Psych Studies' Credibility Questioned

Reproducing study results can be difficult in any scientific field, but a study in the journal Science showed that confirming research in psychology is particularly challenging.

Reproducing study results can be difficult in any scientific field, but a study in the journal Science showed that confirming research in psychology is particularly challenging.

In a multi-author study credited to the Open Science Collaboration, the researchers looked at 100 experimental and correlational studies published in three psychology journals. They attempted to replicate results in all of these studies, with the help of 270 contributing authors.
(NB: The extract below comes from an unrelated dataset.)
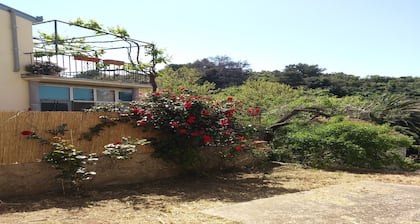 Rooms Brezak - Double Room with Shared Kitchen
The replicators were also put in contact with the original authors of the studies.

They found that “replication effects were half the magnitude of the original effects” and that the statistical significance of study results dropped dramatically.

While 97% of the original studies had statistically significant results, only 36% of the replication studies had such results.

The authors noted that reproducibility is an issue for more empiric scientific research as well.

“In cell biology, two industrial laboratories reported success replicated the original results of landmark findings in only 11% and 25% (respectively) of the attempted cases,” a finding the authors called “stunning but also difficult to interpret.”

The studies for replication were taken from articles published in 2008 in Psychological Science, the Journal of Personality and Social Psychology, and the Journal of Experimental Psychology: Learning, Memory and Cognition.